La magistratura farà, come sempre in questi anni, la sua parte per un ulteriore miglioramento del servizio reso alla cittadinanza sfruttando le nuove risorse messe a sua disposizione, ma gli obbiettivi promessi alle istituzioni europee non sono raggiungibili senza riforme sostanziali e procedurali – ormai non più procrastinabili (e che avrebbero

dovuto logicamente precedere l’innesto delle nuove risorse) – che intervengano sulle cause strutturali alla base della durata dei processi (civili e penali) ovvero:

  • necessità di ridurre l’enorme domanda di giustizia proveniente dal paese
  • necessità di allineare l’organico della magistratura alla media europea garantendo l’intera copertura dell’organico esistente per consentire un’adeguata gestione dei flussi di lavoro
  • necessità di semplificazione del rito nel settore civile;
  • necessità di operare una massiccia depenalizzazione e semplificazione del settore penale unitamente a riforme che incoraggino la definizione dei giudizi con riti alternativi e sanzionino i gravami strumentali.

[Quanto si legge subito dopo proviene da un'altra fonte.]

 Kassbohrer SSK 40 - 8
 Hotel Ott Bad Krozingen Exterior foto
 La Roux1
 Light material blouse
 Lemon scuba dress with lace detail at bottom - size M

Senza interventi strutturali come quelli auspicati, i risultati raggiungibili attraverso il PNRR risulteranno vanificati dalla successiva nuova formazione di arretrato in tempi relativamente brevi. Il PNRR rischia così di diventare un’occasione persa, attraverso cui le responsabilità politiche e sociali connesse al mancato mantenimento degli obiettivi ipotizzati verrà a ricadere iniquamente sulla magistratura e sul personale degli uffici giudiziari, che già da anni lavorano in condizioni ed in aree difficilissime per garantire un servizio essenziale alla cittadinanza.

Deve poi essere rilevato come il PNRR non sia stato in alcun modo raccordato con la programmazione annuale dell’attività degli uffici (programmi di gestione e relativi carichi esigibili elaborati – da ultimo anche nel settore penale – attraverso procedure che consentono la reale partecipazione dei magistrati alla governance degli uffici).

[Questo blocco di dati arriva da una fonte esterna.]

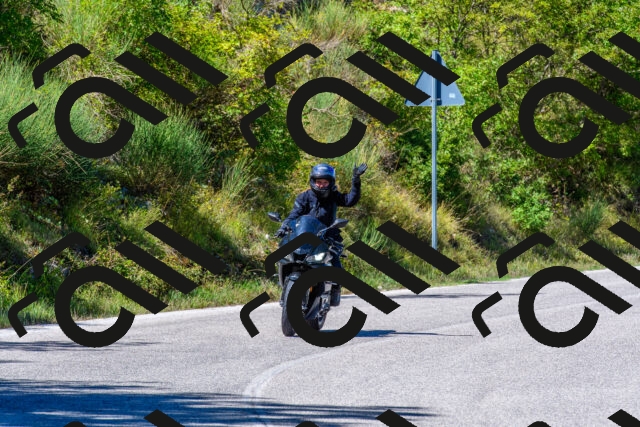 202508311219-R01_3923_r01_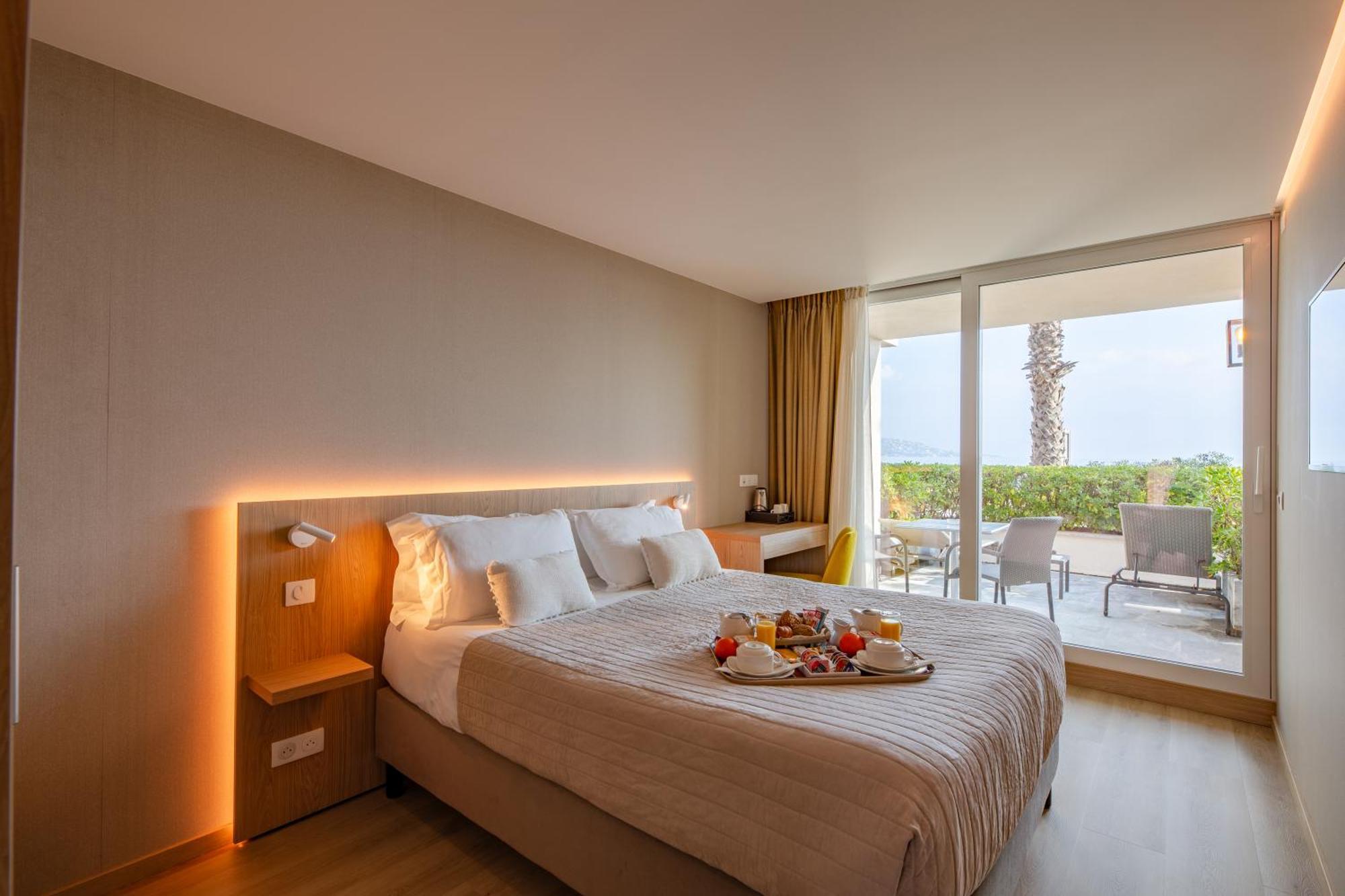 Hotel La Plage Sainte-Maxime Exterior photo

Peraltro, nella prospettiva fatta propria dal Ministero gli obbiettivi del PNRR attengono alla produttività generale dell’ufficio e non ai carichi individuali, ma deve essere rilevato come:

  • nessuno degli addetti all’UPP avrà autonomo potere di decisione;
  • la responsabilità dei provvedimenti adottati resterà quindi in capo al singolo magistrato (o collegio) che redige l’atto.

Pertanto, un aumento di produttività per l’ufficio non potrà che risolversi in un aumento di produttività individuale dei magistrati, l’UPP potrà ridurre (a regime) i tempi di studio e redazione dei provvedimenti, ma le decisioni resteranno in capo ai singoli magistrati ed il loro numero è destinato necessariamente ad aumentare per rispettare le previsioni del PNRR.

Proprio alla luce di quanto dedotto appare indispensabile riprendere una riflessione sulla qualità della giurisdizione (che non può essere disgiunta dall’individuazione di un carico esigibile), nel segno di una nuova cultura dell’organizzazione, che si ponga in netta antitesi con la deriva efficientistica assunta dalla programmazione del lavoro dei magistrati. Tale deriva è, del resto, anzitutto la deriva dell’indipendenza interna della magistratura, laddove i programmi di gestione siano funzionali solo alla performance del dirigente. Ma è la deriva anche dell’indipendenza esterna, laddove l’attività del magistrato venga costantemente condizionata dal raggiungimento affannoso delle statistiche richieste, facendo in tal modo prevalere un suo interesse prestazionale all’interesse generale anche a discapito della qualità della decisione adottata.

Approvato dall’Assemblea Nazionale di UNICOST in data 21 dicembre 2021 in prosecuzione dell’Assemblea Nazionale del 12 dicembre 2021.